Task description: With both ends included, repeat exactly the lines of the entries below from the one containing "Hermes Togo Kelly Retourne 25 Black 17 of 36" down to the one containing "茶壶紫砂福利220毫升德钟2号", and no others.

(Stored records)
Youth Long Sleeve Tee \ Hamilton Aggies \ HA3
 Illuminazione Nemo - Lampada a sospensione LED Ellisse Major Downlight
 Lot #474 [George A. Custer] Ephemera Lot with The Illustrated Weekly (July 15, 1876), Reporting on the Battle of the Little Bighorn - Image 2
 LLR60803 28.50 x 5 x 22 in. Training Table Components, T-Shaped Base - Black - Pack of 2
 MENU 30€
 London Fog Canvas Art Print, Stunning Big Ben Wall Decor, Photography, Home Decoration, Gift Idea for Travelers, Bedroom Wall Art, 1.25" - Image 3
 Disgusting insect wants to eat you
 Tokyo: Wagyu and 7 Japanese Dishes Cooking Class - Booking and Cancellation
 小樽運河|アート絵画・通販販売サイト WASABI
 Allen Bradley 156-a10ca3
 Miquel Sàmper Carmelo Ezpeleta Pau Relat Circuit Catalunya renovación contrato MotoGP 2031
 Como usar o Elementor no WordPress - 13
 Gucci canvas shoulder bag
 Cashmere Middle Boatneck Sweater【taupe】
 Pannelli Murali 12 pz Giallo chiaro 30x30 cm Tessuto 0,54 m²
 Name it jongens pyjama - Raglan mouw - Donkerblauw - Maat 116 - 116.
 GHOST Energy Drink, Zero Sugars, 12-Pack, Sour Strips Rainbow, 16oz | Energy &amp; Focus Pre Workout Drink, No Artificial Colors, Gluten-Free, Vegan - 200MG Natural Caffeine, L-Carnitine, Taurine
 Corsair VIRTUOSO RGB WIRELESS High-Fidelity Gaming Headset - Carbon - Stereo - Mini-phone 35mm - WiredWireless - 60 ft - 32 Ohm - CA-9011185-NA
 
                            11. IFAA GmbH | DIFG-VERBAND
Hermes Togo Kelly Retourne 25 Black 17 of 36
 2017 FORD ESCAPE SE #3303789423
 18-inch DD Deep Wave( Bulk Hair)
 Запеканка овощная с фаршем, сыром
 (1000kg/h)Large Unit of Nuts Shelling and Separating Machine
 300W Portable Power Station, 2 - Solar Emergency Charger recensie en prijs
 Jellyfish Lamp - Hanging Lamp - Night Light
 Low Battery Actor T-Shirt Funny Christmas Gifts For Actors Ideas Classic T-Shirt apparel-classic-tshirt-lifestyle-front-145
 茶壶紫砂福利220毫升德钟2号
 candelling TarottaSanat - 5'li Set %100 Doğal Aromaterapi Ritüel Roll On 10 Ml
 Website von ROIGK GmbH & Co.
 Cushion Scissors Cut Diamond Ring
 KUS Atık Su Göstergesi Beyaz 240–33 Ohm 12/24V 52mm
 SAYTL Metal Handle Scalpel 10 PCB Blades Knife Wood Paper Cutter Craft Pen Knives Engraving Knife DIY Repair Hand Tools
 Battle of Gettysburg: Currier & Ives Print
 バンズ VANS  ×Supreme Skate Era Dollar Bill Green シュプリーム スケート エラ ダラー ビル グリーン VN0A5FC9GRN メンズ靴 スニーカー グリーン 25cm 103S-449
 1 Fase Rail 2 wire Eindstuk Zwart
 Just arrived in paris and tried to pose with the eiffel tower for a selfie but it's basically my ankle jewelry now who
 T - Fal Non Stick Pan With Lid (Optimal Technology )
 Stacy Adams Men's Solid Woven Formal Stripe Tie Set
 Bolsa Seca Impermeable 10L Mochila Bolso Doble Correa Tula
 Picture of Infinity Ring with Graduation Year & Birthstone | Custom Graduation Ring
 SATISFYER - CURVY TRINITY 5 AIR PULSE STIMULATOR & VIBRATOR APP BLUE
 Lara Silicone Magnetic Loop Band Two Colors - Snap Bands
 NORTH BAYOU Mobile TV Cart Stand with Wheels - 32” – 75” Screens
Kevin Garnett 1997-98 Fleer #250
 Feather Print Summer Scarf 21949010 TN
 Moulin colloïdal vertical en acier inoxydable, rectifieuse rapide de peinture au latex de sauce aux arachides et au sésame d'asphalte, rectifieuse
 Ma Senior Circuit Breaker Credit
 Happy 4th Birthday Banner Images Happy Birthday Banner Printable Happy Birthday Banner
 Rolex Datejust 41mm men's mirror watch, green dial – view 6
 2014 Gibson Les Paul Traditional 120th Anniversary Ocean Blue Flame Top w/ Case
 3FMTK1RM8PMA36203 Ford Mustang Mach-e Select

Response to the exercise:
Hermes Togo Kelly Retourne 25 Black 17 of 36
 2017 FORD ESCAPE SE #3303789423
 18-inch DD Deep Wave( Bulk Hair)
 Запеканка овощная с фаршем, сыром
 (1000kg/h)Large Unit of Nuts Shelling and Separating Machine
 300W Portable Power Station, 2 - Solar Emergency Charger recensie en prijs
 Jellyfish Lamp - Hanging Lamp - Night Light
 Low Battery Actor T-Shirt Funny Christmas Gifts For Actors Ideas Classic T-Shirt apparel-classic-tshirt-lifestyle-front-145
 茶壶紫砂福利220毫升德钟2号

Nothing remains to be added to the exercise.